Vancouver (12 Aug. 2008) - The Liberal government of Premier Gordon Campbell deserves poor marks for using the opening of the Olympic Games as cover to announce massive pay increases for senior government bureaucrats, especially since the raises took effect at the beginning of August, says the B.C. Government and Service Employees' Union (BCGEU/NUPGE).

"These increases of up to 35% – and the way they were announced – are quite troubling," says union president Darryl Walker. The BCGEU represents about 29,000 provincial employees. The announcement was made on Friday as opening Olympic ceremonies were being broadcast around the globe from Beijing.

Walker says the increases for senior bureaucrats far exceed the 2% raises won this year by front-line government staff – the people who provide government services directly to B.C. residents.

Walker also accused the government of using "highly selective" salary comparisons, recruitment figures and retention data to try to explain the increases.

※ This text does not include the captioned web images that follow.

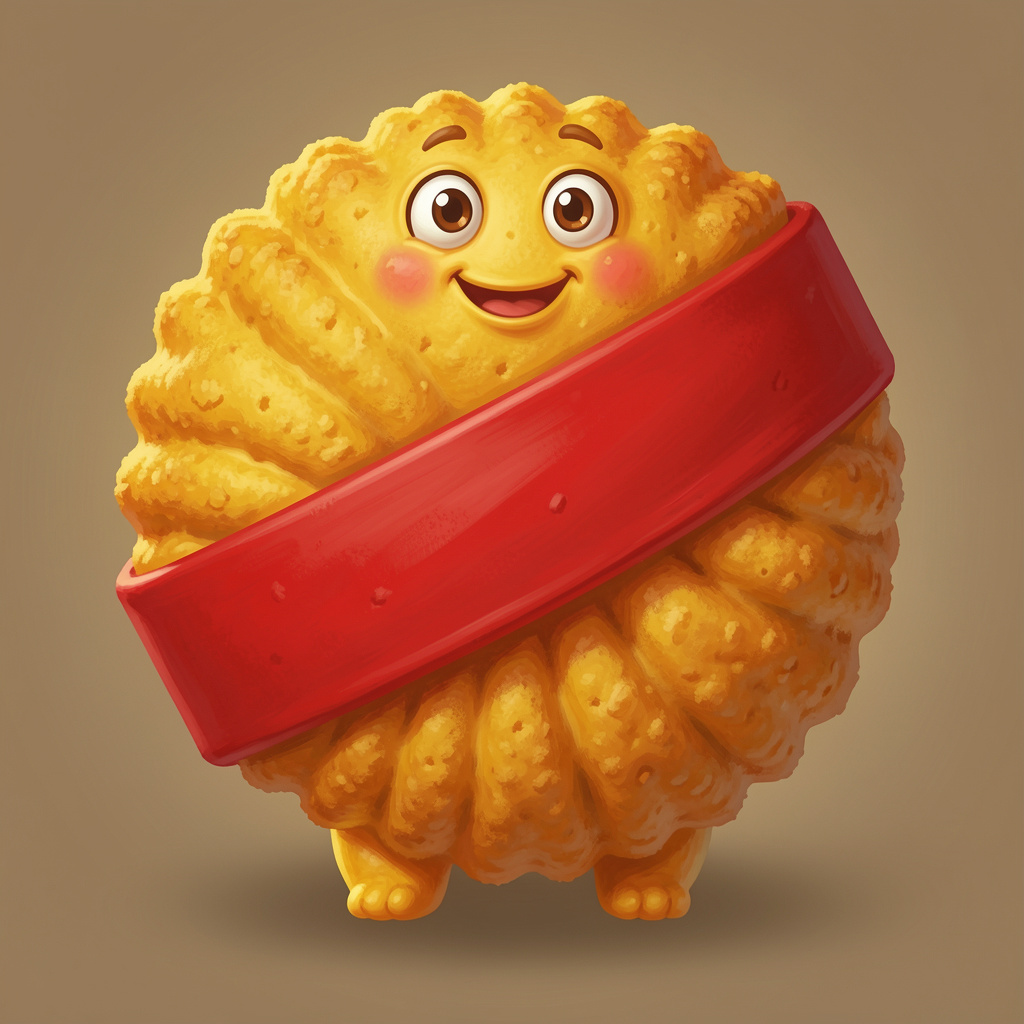 Crackwhirl — a Common Stone Snappling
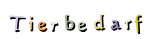 Tierbedarf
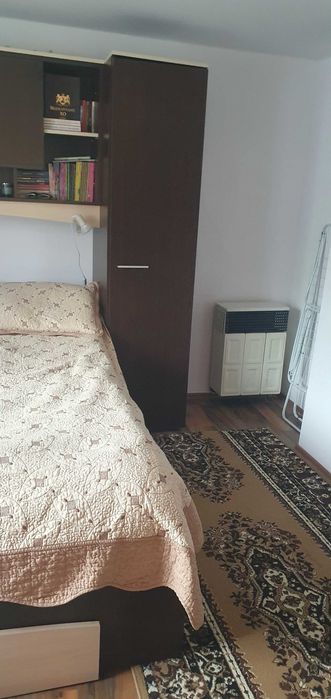 De vânzare casă la țară
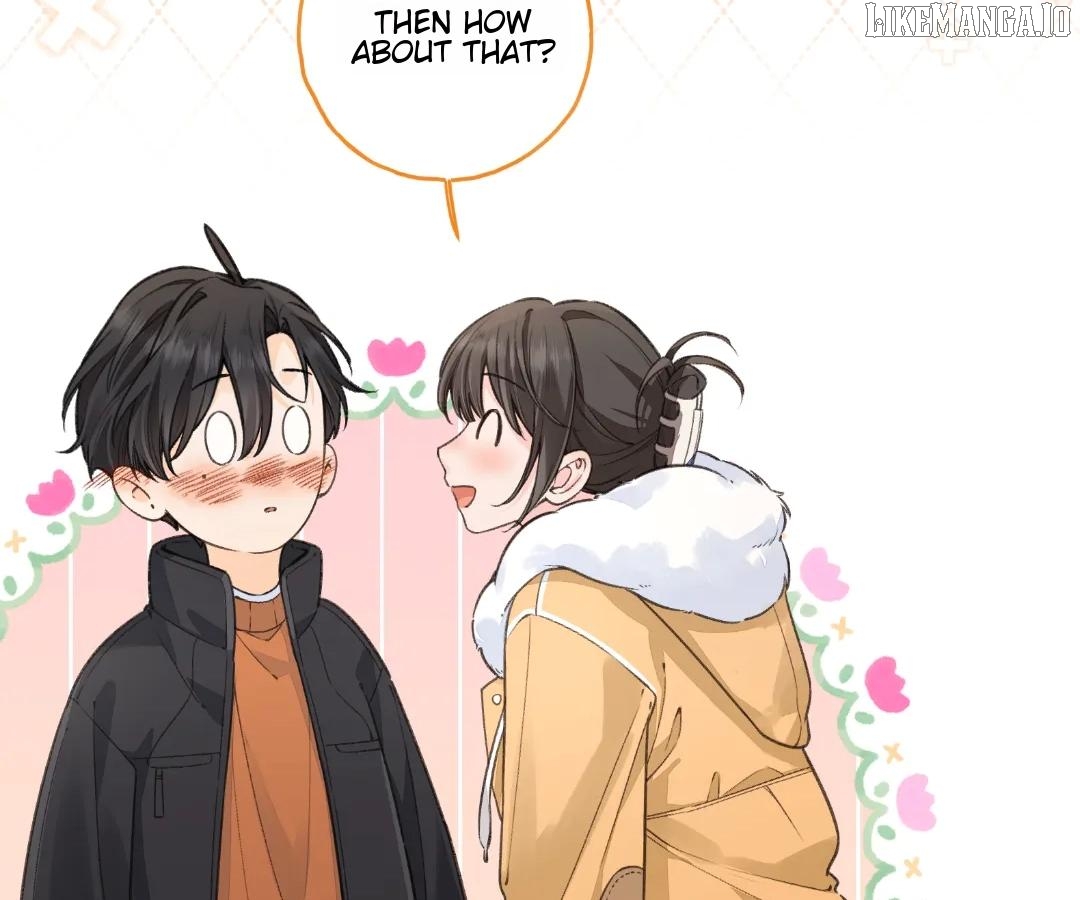 I Just Want To Mooch Off Your Luck Chapter 88 - page 6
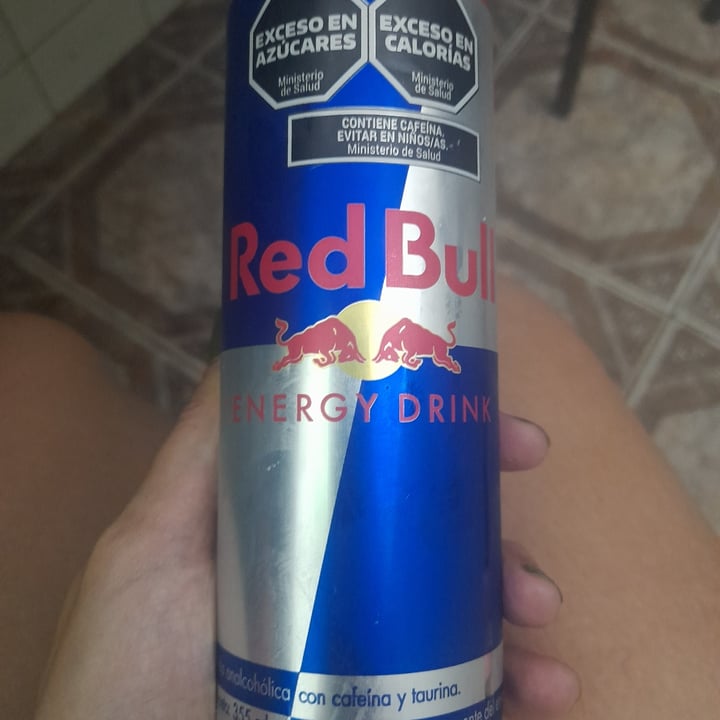 photo of Red Bull RedBull shared by @rochyalmendra on  06 May 2025 - review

Raises up to $77,000 a year

"Future recruitment challenges in the senior bureaucracy have been used to justify raises of as much as $77,000 a year," says Walker.

"We've been trying to negotiate recruitment and retention wage adjustments to solve staff shortages that we're facing right now in a number of key program areas. But Victoria has rebuffed all of our efforts."

Walker says addressing the current shortage of childcare workers, corrections officers and sheriffs, and community social service workers who care for people with developmental disabilities, is more of a priority for the public than granting big pay boosts for top bureaucrats.

A deputy minister will now make more than six times as much as the average government employee.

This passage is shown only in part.